I'm afraid this made me want to punch Larry Niven in the stomach on the behalf of all women everywhere. Along with people who aren't so privileged that life bores them with its comforts, but mostly on behalf of women.

A 180 year old man sleeping with a 20 year old woman? Just so wrong, and it keeps going more wrong. He writes things about Teela like

"Her lips, he saw, were perfect for pouting. She was one of those rare, lucky women whom crying does not make ugly."
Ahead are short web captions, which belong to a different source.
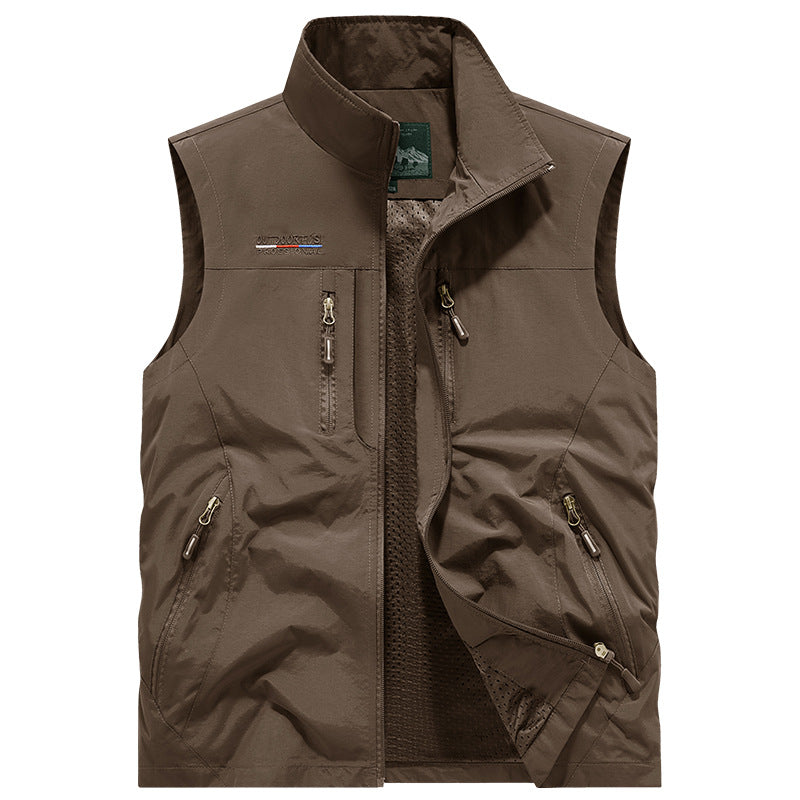 Herren Outdoor-Utility-Anglerweste mit atmungsaktivem Meshrücken und multifunktionalen Taschen Nord Taschen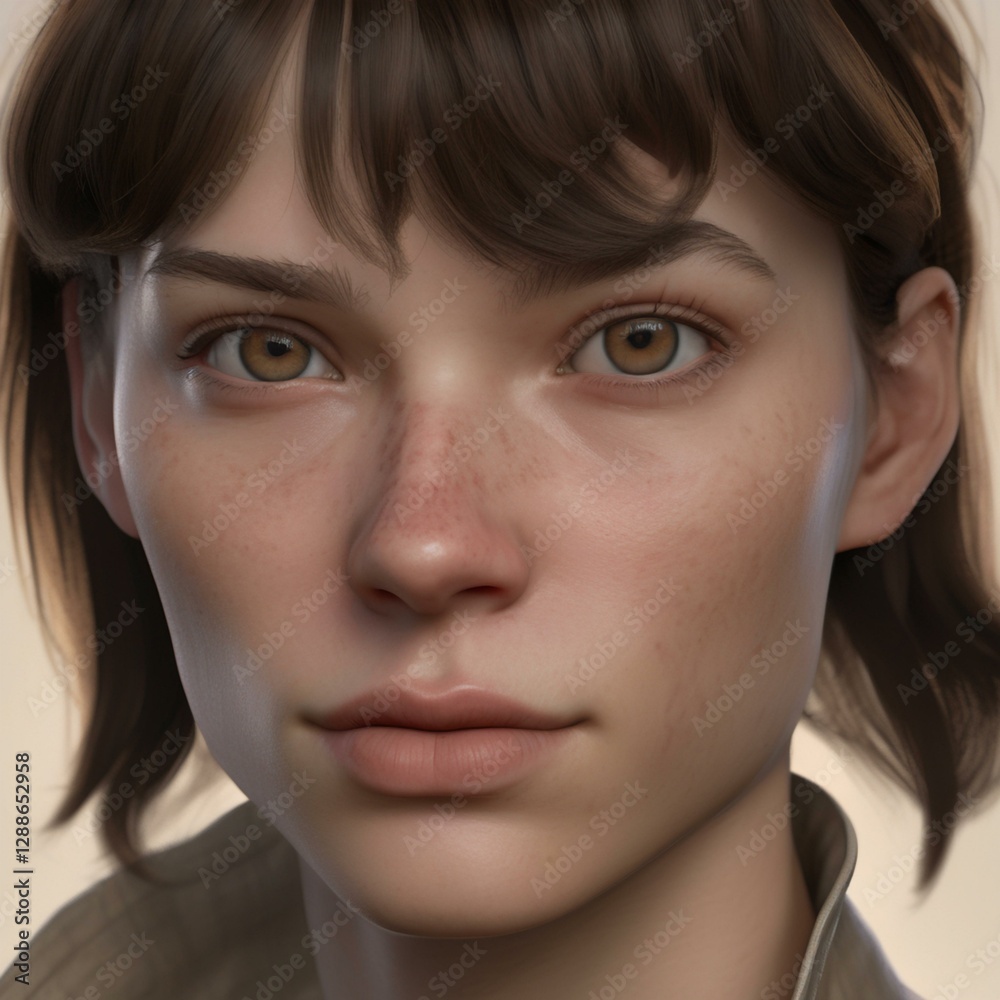 A highly detailed, hyper-realistic close-up portrait of an AI-generated human face. This digital artwork features lifelike skin textures, expressive eyes, and natural lighting. A highly detailed, hyper-realistic close-up portrait of an AI-generated human face. This digital artwork features lifelike skin textures, expressive eyes, and natural lighting.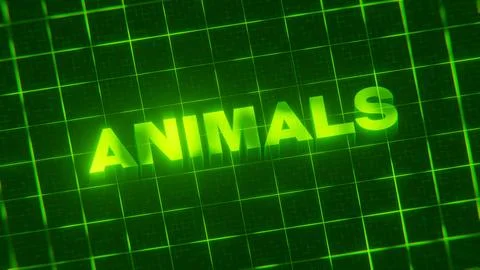 3D-rendered pattern of a word on bright neon green lines arranged in a grid patt Foto stock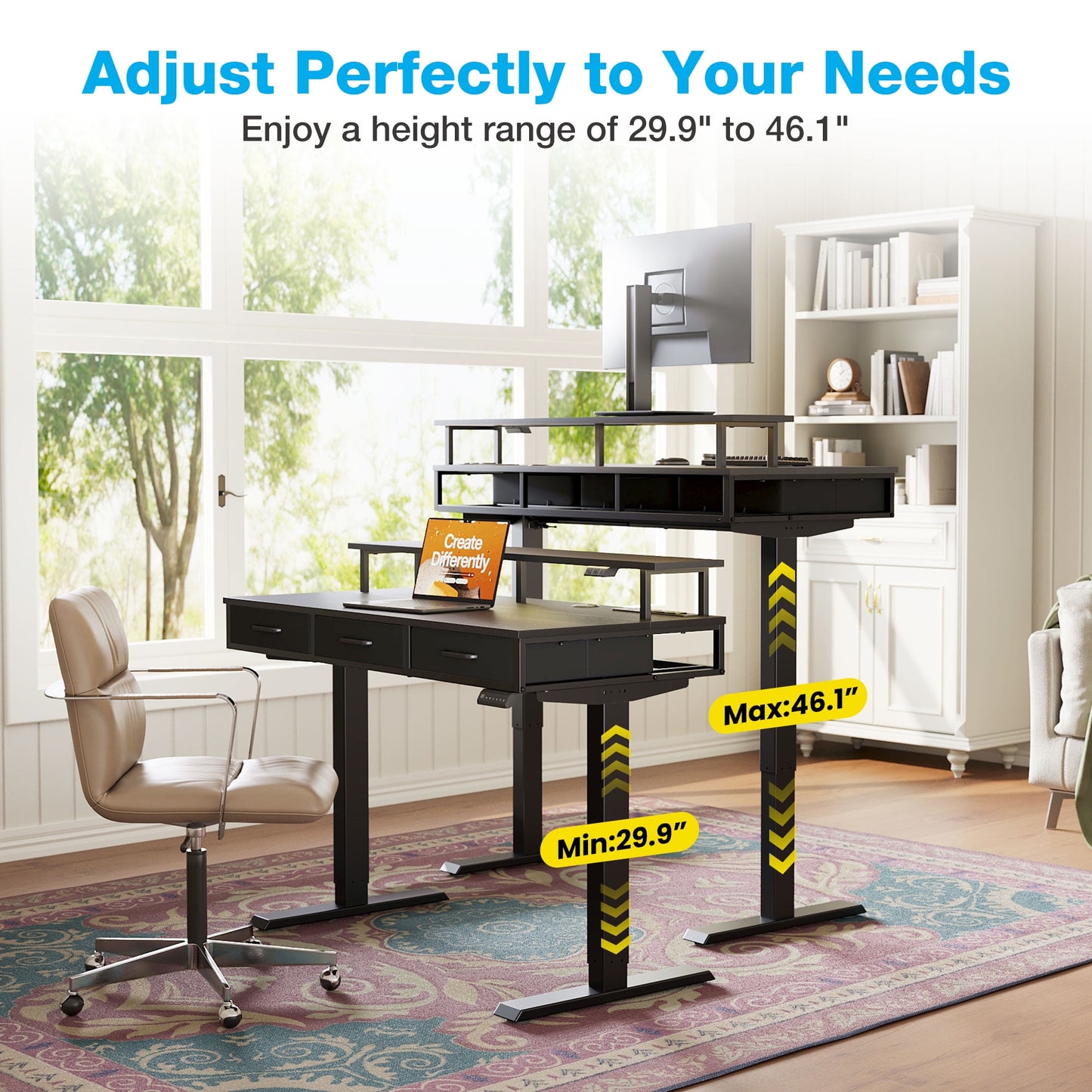 Casacomoda 48“ Electric Standing Desk with Power Outlets and LED Lights, Adjustable Height Sit Stand Desk with Monitor Shelf & 3 Fabric Drawers for Home Office, Black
It is painfully condescending, even as her power is revealed, her thinking and aware self remains enslaved to it. But I said it got worse. The females of the feline alien race on the ship are non-sentient beings whose only purpose is to have babies, and it is intimated that the puppeteers might have a similar system. We finally meet one of the Ringworld over-race whatever and it's a woman who is not too bright and there were only three women there in a crew of 36 on the spaceship she worked on so obviously she is some kind of prostitute. Why else would a woman be on a spaceship? So apart from that infuriating fact, there are sentences like "Prill tried to explain to me what happened here, as one of her crew explained to her. He had oversimplified of course." And then: "Her touch was a joy as thick as syrup. She knew a terribly ancient secret: that every women is born with a tasp, and that its power is without limit if she can learn to use it..." And she will use it to enslave and control her man, of course she will, she has no other options.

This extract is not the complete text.